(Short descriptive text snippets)
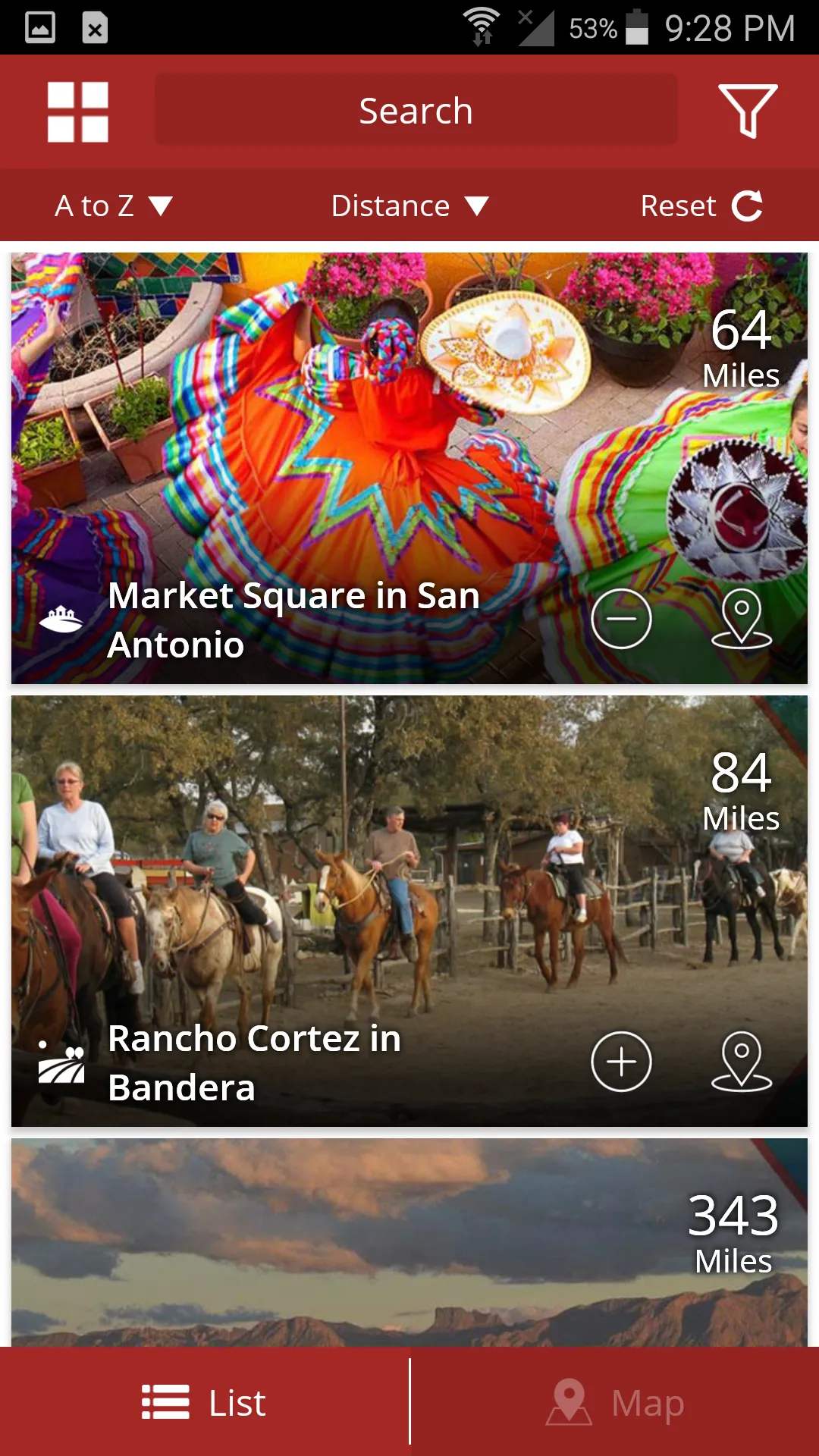 Tour Texas | Indus Appstore | Screenshot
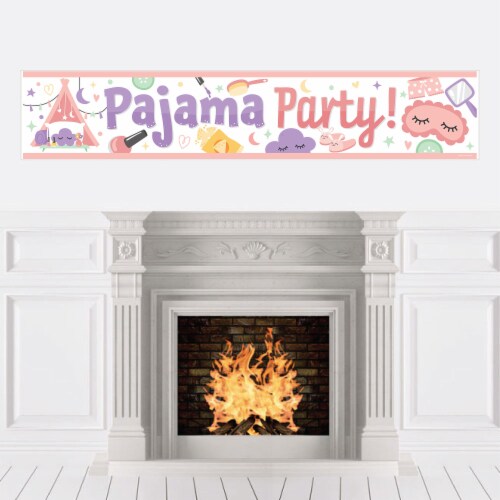 Big Dot of Happiness Pajama Slumber Party - Girls Birthday Party Decorations Party Banner Perspective: front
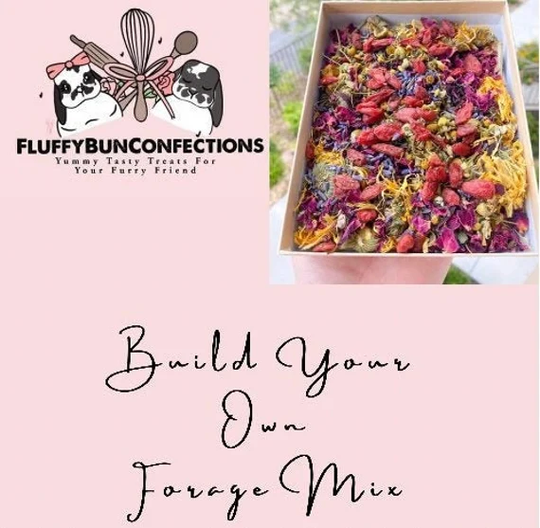 Build Your Own Forage Mix | Please Read Description Bunny Forage, Rabbit Guinea Pig All Organic, & Healthy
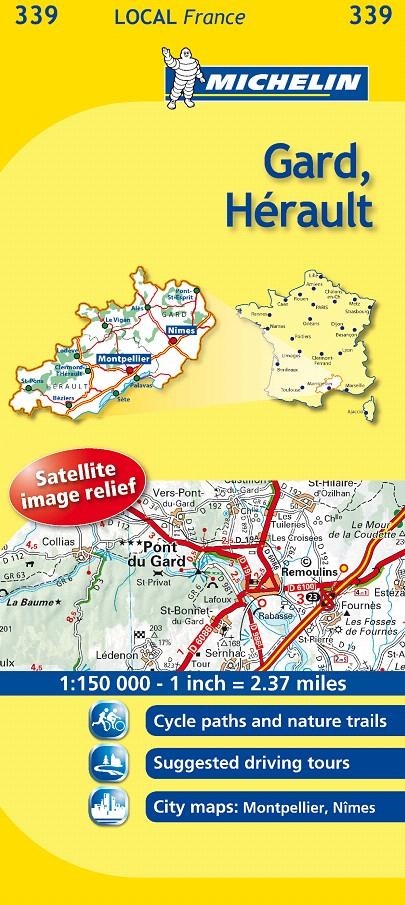 MAPA LOCAL GARD, HÉRAULT | 9782067133938 | VARIOS AUTORES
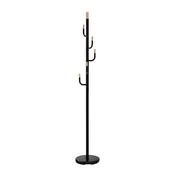 Homestar Stojalo za plašče GLADE D28xV174 cm črno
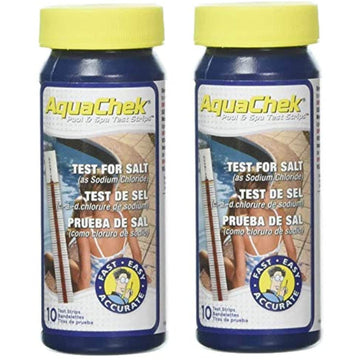 AquaChek 561141-02 Salt Water Test Strips for Swimming Pools, 10-Count, 2-Pack - Getlegitdeals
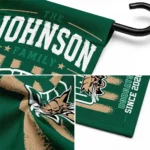 Ohio Bobcats Garden Flag Personalized Distressed Stripes Green Best Selling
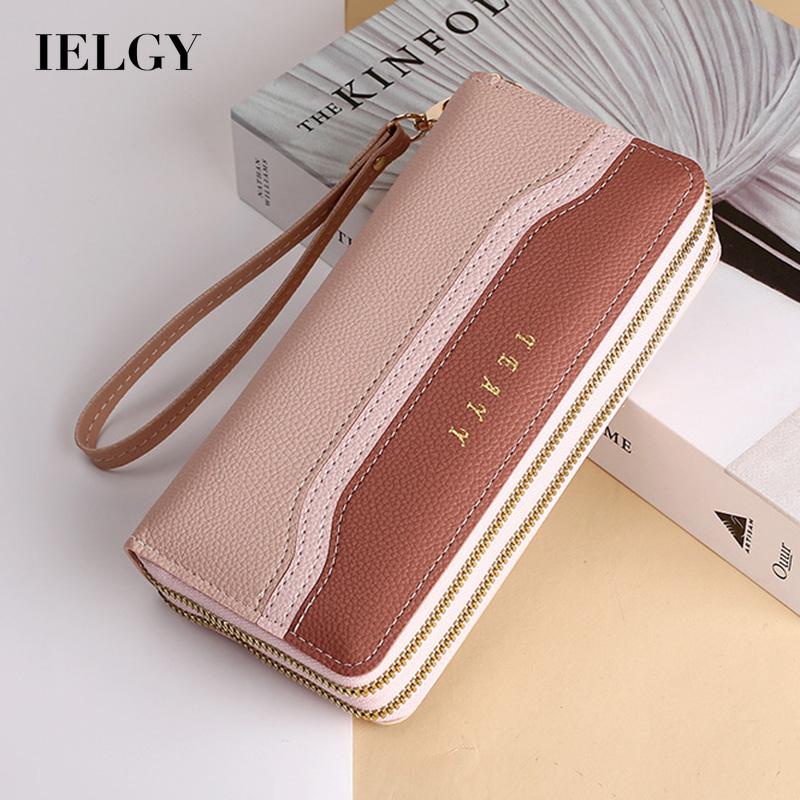IELGY Ví Dài Sức Chứa Lớn Thời Trang Theo Phong Cách Hàn Quốc Cho Nữ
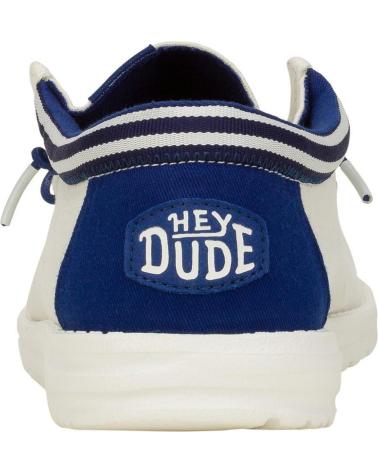 Nauticos per Uomo HEY DUDE HOMBRE MOCASINES WALLY LETTERMAN BLANCO AZUL VARIOS COLORES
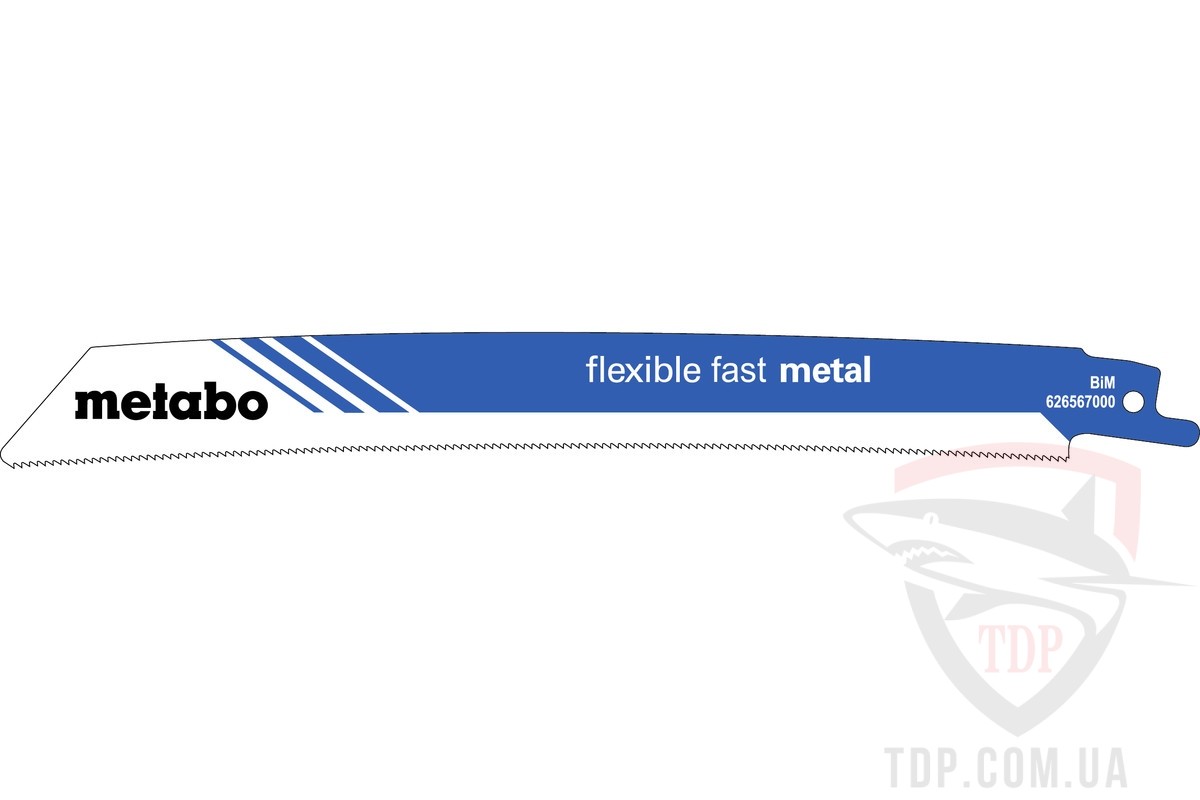 Оснастка Полотно для шабельних пил Metabo Flexible Fast Metal 225мм 5 шт (626567000)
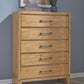 Sherbana - Light Brown - Five Drawer Chest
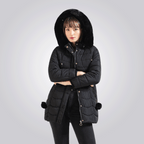 Manteau Long avec Capuche Amovible pour Femme | Idéal pour l’Hiver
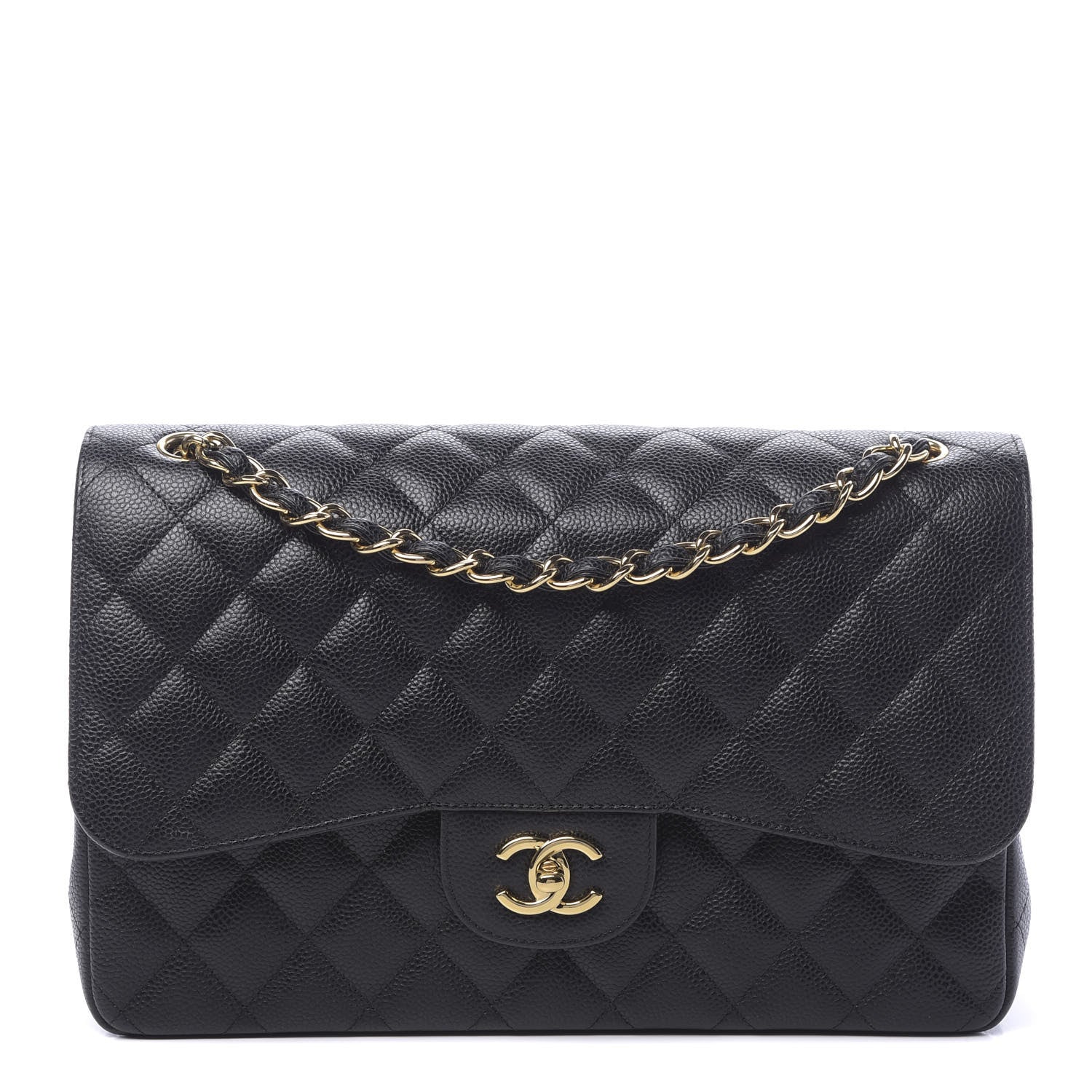Chanel Caviar Quilted Jumbo Double Flap Black 1 of 11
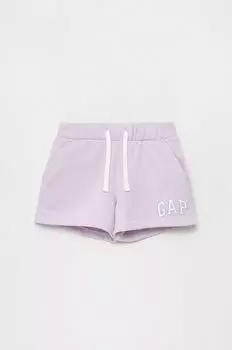 GAP детские шорты, фиолетовый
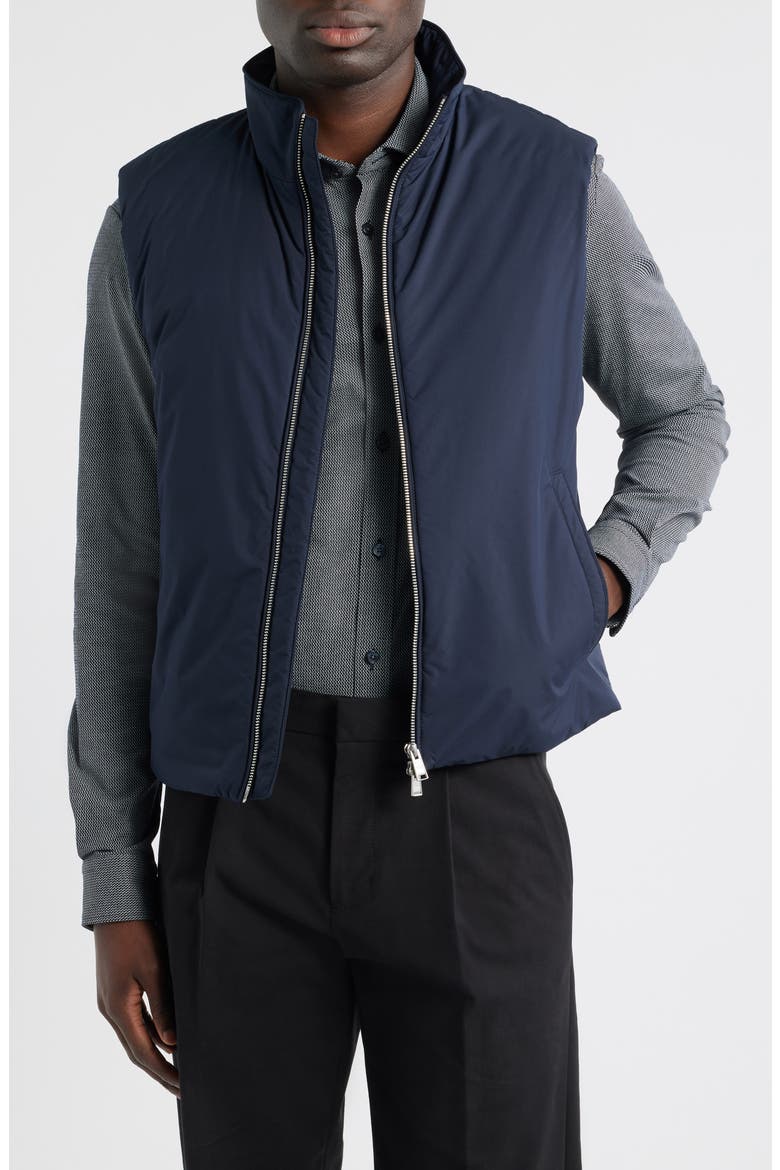 Carens Zip Vest, Main, color, DARK BLUE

◆ ACTIVITY ◆
Write out all of the data above exactly, pictures excluded.

◆ EXERCISE RESPONSE ◆
 Tour Texas | Indus Appstore | Screenshot
 Big Dot of Happiness Pajama Slumber Party - Girls Birthday Party Decorations Party Banner Perspective: front
 Build Your Own Forage Mix | Please Read Description Bunny Forage, Rabbit Guinea Pig All Organic, & Healthy
 MAPA LOCAL GARD, HÉRAULT | 9782067133938 | VARIOS AUTORES
 Homestar Stojalo za plašče GLADE D28xV174 cm črno
 AquaChek 561141-02 Salt Water Test Strips for Swimming Pools, 10-Count, 2-Pack - Getlegitdeals
 Ohio Bobcats Garden Flag Personalized Distressed Stripes Green Best Selling
IELGY Ví Dài Sức Chứa Lớn Thời Trang Theo Phong Cách Hàn Quốc Cho Nữ
 Nauticos per Uomo HEY DUDE HOMBRE MOCASINES WALLY LETTERMAN BLANCO AZUL VARIOS COLORES
 Оснастка Полотно для шабельних пил Metabo Flexible Fast Metal 225мм 5 шт (626567000)
 Sherbana - Light Brown - Five Drawer Chest
 Manteau Long avec Capuche Amovible pour Femme | Idéal pour l’Hiver
Chanel Caviar Quilted Jumbo Double Flap Black 1 of 11
 GAP детские шорты, фиолетовый
 Carens Zip Vest, Main, color, DARK BLUE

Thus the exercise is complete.